Monday, May 24, 2010

Holiday Drama

This is terrible. 3 posts in then I’m gone for over a month. Not the most promising stepmom blog you’ve ever seen, huh? The truth is, so much has been going on that I didn’t even know where to start. I was so incredibly angry after the Easter saga. Looking back I know why I got so angry but it just exhausts me because this is the same story with Gollum. Control, control, control. Even though it’s much in the past, this is what happened on Easter that set me off.

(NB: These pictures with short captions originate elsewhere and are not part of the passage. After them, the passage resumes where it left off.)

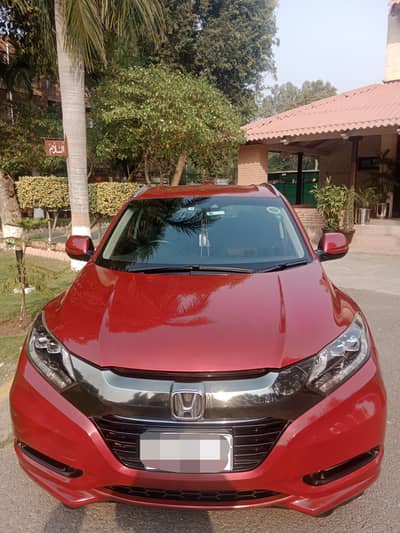 Honda Vezel 2017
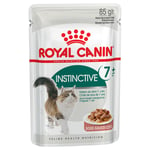 Royal Canin Instinctive 7+ i sås - 96 x 85 g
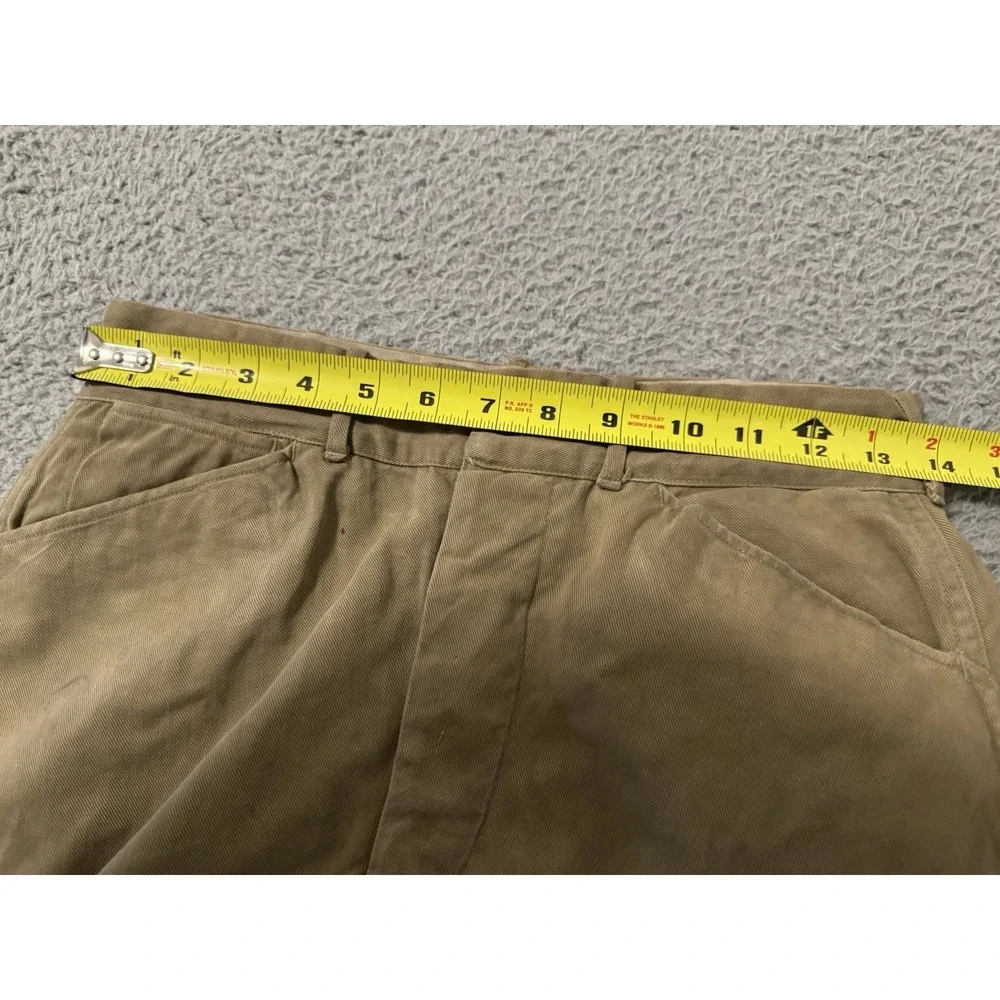 Men's VTG 30s 40s Boy Scout Khaki Breeches / Button Fly‎ Pants 1930s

Gollum told us she would call at 4:30 or 5 when we could come pick my girl up from her moms house where she was having Easter lunch. Keep in mind that this holiday is “hers” this year. We do not have any legal right to see my girl on this day, for this particular year. Somehow over the past 2 or 3 years, we’ve fallen into a pattern of sharing every holiday. This is a gray area that makes me absolutely nuts. Of course we want to see my girl on every holiday and both of our families want to see her as well. As a result of that, we started splitting up the actual day of the holiday so that we could all see her on Easter and Thanksgiving, for example. This makes me nuts because Gollum will rarely set a time for us to pick up my girl on this split day and we are then at her mercy and our holiday and time spent with our families is controlled by her and her decision as to when we can pick up my girl. Why don’t we just stop the split days and tell her we should keep holidays as they are set by the court? I know, I’ve thought that too. But then how do I tell Big Papa that we shouldn’t make an effort to see my girl on these important days? Especially when I want to see her just as much. It’s a catch-22 for sure and frustrates me to no end.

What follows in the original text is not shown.